There are humorous moments in The Hanging Garden, but these moments are also haunting. During Rosemary's wedding, Grace (Joan Orenstein), Mac's mother, who suffers from Alzheimer's Disease, shouts from the window of her room into the garden. In response to Grace's voice, Rosemary's old, blind dog begins whining and barking so that the wedding vows can barely be heard above the din. It's zany and funny, but it's also a subtle and brilliant way to communicate the intrusive nature of families. In the course of the film, you're often distracted by exaggerated and discordant sound, and in some cases you're unable to concentrate on anything else--for instance, the sound of drumming rain when it isn't raining. The sounds distract you from the narrative in the same way that the cacophony distracts these characters from their interior lives so that they become consumed by their neuroses.

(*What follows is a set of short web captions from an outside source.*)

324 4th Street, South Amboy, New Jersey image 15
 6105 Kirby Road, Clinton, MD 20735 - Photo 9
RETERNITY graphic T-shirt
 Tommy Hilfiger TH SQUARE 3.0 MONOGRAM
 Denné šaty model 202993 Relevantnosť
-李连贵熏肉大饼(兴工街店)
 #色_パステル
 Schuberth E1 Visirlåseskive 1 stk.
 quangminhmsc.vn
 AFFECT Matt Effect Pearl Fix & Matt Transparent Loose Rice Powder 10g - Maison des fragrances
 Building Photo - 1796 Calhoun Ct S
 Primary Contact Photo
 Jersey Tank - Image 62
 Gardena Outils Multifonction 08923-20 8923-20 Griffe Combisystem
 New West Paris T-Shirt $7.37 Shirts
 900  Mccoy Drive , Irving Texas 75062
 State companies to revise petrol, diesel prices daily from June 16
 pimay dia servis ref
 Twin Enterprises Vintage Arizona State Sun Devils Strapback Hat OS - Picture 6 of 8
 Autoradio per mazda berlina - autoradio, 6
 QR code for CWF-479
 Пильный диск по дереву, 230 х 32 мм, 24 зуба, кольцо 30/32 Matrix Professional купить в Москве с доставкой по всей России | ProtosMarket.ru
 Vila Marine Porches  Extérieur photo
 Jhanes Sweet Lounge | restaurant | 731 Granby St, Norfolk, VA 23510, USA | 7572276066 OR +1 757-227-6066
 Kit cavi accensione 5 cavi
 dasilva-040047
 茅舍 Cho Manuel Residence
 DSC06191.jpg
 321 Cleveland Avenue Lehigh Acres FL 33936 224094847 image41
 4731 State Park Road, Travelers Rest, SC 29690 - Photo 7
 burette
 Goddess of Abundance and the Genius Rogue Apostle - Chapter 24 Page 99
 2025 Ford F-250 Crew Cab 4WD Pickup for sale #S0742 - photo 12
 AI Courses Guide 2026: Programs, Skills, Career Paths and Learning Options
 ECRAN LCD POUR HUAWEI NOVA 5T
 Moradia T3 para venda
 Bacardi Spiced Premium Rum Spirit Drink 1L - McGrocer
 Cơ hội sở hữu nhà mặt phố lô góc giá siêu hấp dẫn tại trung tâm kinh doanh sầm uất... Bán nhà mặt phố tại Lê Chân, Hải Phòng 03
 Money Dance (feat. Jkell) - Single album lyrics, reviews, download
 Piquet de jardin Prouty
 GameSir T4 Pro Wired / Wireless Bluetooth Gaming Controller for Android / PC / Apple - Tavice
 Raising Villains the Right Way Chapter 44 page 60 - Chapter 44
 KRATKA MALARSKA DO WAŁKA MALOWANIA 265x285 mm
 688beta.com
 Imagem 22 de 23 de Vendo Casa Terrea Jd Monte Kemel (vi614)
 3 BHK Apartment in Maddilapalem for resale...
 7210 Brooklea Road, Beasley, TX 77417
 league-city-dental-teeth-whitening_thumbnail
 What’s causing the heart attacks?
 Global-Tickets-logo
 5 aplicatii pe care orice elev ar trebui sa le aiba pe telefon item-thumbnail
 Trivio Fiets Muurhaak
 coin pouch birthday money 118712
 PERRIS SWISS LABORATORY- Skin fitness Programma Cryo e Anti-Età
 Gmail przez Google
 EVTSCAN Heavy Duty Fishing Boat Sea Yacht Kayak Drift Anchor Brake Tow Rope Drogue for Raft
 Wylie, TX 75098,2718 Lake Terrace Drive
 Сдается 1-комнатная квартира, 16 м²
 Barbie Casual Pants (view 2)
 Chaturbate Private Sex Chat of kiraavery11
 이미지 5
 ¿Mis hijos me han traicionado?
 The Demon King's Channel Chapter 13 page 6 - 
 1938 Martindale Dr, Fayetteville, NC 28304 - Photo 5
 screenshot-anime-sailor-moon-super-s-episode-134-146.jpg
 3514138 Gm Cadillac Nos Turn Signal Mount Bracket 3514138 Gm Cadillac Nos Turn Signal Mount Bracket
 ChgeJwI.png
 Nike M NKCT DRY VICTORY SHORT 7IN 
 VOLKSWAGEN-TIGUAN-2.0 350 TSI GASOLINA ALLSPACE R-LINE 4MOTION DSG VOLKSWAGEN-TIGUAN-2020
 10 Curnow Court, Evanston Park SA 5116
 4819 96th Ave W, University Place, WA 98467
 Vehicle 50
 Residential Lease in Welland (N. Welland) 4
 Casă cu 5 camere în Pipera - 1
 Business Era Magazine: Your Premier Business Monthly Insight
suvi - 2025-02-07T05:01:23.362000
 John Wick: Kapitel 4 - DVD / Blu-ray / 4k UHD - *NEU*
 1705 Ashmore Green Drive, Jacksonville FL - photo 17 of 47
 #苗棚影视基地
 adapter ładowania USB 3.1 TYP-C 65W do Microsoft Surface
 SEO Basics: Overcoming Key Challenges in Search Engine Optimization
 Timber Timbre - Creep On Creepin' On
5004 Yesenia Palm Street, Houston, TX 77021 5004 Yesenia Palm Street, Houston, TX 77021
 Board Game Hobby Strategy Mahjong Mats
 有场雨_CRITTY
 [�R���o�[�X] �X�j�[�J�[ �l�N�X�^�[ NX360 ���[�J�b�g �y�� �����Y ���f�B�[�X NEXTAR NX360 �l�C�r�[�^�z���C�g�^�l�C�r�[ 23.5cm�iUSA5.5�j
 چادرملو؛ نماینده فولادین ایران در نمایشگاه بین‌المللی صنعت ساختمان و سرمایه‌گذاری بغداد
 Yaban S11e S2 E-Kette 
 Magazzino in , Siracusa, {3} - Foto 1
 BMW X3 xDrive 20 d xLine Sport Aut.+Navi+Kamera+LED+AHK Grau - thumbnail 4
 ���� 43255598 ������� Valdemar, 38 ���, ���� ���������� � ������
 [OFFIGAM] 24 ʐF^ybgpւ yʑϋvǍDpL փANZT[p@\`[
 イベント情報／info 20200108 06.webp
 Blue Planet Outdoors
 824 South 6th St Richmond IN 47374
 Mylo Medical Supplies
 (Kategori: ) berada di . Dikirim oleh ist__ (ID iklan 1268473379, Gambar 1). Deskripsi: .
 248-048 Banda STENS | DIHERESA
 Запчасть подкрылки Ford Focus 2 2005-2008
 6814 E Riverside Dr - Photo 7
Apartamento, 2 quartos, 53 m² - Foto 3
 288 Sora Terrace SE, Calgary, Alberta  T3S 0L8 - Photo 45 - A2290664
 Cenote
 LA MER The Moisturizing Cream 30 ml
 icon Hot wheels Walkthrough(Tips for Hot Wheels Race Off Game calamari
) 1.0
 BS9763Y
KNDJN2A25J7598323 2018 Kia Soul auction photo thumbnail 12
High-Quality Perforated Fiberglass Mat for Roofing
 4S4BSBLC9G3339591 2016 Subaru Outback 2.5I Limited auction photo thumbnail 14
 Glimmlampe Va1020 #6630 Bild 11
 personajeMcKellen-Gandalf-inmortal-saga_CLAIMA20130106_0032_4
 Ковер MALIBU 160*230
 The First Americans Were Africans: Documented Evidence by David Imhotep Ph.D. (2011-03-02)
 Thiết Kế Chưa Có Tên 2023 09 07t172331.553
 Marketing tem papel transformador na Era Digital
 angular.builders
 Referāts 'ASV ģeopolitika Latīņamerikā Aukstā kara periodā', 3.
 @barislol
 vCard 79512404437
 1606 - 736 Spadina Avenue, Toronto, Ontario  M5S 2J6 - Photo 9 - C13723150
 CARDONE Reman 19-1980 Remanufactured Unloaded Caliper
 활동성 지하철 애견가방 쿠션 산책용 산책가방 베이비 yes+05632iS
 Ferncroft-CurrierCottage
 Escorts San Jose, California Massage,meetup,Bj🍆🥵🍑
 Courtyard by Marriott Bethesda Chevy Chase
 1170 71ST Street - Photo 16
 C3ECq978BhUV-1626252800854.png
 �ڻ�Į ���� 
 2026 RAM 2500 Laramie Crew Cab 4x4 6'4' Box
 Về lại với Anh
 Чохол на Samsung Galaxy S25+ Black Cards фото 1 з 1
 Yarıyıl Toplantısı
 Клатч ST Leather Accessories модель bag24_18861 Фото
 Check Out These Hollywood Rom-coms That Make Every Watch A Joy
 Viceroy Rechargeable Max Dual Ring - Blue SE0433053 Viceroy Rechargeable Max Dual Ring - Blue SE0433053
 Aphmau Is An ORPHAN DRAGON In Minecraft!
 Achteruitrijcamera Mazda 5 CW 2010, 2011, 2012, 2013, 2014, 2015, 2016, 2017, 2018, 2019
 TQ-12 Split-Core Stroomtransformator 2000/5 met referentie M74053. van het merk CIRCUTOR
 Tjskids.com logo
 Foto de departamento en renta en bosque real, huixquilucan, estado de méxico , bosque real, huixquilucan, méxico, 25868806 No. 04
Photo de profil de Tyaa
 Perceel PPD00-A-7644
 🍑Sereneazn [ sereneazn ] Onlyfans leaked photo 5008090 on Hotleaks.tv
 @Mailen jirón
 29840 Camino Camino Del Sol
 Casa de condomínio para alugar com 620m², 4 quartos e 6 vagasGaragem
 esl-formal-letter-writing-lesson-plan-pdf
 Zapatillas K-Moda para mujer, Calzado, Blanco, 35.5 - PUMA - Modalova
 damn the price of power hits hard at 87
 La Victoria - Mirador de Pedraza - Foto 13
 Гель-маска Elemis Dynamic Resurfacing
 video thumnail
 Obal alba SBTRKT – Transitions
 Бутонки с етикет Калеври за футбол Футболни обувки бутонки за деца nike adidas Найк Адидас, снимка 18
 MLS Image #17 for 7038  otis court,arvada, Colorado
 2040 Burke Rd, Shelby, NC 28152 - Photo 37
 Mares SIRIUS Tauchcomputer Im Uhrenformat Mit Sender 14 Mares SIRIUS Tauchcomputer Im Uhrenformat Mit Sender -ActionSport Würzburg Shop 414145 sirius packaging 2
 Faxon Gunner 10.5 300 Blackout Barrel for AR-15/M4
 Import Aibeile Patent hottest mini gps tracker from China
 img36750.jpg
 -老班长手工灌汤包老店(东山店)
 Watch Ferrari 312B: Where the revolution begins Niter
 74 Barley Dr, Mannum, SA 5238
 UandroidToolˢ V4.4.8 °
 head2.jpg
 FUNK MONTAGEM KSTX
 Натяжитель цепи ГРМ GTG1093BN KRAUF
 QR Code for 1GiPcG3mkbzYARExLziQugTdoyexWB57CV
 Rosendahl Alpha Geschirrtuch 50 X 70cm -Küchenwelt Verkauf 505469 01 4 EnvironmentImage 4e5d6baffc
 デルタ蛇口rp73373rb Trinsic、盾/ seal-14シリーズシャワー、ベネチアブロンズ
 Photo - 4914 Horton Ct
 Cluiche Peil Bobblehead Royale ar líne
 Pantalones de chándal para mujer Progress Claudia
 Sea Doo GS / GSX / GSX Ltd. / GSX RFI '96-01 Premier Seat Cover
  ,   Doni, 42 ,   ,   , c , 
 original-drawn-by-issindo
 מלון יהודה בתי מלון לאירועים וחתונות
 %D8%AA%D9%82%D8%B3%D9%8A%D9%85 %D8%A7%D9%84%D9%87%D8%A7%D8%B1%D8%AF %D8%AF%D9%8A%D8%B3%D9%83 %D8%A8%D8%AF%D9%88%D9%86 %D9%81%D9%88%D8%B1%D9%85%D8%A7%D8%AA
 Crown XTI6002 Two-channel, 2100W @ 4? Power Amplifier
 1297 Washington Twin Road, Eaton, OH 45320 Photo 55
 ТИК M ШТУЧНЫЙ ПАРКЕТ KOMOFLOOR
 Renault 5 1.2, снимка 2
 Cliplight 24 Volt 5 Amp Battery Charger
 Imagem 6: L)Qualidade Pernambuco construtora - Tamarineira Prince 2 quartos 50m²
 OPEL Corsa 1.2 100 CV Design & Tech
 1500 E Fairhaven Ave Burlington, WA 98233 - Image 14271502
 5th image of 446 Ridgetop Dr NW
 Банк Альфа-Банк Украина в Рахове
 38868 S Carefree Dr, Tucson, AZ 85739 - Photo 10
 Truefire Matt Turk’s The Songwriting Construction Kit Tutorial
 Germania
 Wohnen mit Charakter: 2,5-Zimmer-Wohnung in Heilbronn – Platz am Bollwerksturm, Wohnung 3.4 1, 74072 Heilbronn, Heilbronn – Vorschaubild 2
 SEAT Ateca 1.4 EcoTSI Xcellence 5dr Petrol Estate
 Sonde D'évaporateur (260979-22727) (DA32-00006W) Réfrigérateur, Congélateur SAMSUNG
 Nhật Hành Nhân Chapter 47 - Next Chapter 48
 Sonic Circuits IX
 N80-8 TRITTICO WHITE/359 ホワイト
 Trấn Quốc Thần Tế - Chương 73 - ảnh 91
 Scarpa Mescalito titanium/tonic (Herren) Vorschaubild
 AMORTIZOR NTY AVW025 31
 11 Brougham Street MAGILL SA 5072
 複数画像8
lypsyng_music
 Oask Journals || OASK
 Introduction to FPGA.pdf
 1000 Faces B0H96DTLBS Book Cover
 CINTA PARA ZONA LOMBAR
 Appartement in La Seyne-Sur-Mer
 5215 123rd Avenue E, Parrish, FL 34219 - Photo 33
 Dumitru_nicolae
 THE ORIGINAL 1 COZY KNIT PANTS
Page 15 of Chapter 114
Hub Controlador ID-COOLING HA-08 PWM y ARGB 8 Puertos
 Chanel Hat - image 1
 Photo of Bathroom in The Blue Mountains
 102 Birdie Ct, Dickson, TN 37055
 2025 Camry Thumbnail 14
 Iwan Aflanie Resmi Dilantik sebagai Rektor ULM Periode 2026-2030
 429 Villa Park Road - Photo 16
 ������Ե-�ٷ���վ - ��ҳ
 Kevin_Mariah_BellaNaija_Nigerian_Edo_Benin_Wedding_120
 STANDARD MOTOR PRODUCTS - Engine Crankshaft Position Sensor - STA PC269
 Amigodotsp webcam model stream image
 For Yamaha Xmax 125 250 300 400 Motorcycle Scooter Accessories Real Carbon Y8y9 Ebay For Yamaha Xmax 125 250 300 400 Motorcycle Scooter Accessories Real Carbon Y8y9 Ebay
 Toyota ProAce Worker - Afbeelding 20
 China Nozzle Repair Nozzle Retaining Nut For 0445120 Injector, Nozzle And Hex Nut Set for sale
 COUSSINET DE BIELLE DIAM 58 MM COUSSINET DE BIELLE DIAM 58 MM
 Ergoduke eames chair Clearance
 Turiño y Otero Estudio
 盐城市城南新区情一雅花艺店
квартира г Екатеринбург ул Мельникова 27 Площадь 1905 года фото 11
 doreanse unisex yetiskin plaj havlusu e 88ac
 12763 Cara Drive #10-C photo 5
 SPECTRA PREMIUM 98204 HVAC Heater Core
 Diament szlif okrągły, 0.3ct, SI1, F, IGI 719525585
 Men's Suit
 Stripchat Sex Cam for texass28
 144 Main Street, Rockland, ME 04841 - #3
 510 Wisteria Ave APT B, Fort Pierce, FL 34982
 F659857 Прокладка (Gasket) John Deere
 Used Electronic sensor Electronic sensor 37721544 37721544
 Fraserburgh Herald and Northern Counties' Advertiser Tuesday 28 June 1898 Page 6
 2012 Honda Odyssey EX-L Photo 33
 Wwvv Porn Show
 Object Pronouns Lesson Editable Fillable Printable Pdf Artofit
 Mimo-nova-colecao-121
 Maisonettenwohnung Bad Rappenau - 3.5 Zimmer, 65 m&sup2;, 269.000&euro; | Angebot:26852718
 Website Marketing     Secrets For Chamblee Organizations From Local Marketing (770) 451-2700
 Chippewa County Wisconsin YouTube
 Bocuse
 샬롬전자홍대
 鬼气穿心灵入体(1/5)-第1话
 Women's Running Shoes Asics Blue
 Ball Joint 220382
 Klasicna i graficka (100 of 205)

In an essay on Baudelaire's Les Fleurs du Mal, Edna St.Vincent Millay wrote that the poet's flowers were 'flowers of doubt, flowers of torture, flowers of grief, flowers of blasphemy, flowers of weakness, flowers of disgust.' For William, 'Sweet William,' and the other 'flowers' in his family--Iris, Rosemary, and Whiskey Mac--the garden, like Baudelaire's, is an enduring source of painful memories. In fact, now there's Violet, William's daughter, who was borne of Iris' misguided attempt to turn her teenage son into a heterosexual. Violet looks more like a boy than a 10-year-old girl. She's the hybrid, raised as Iris' child in William's absence, but actually the daughter of the one family member who moved away. Ironically, her disturbing androgeny is the only flower of hope in The Hanging Garden. In the conundrum of family, hybrids are necessary--although they retain the attributes of their progenitors, they're often far better equipped for survival.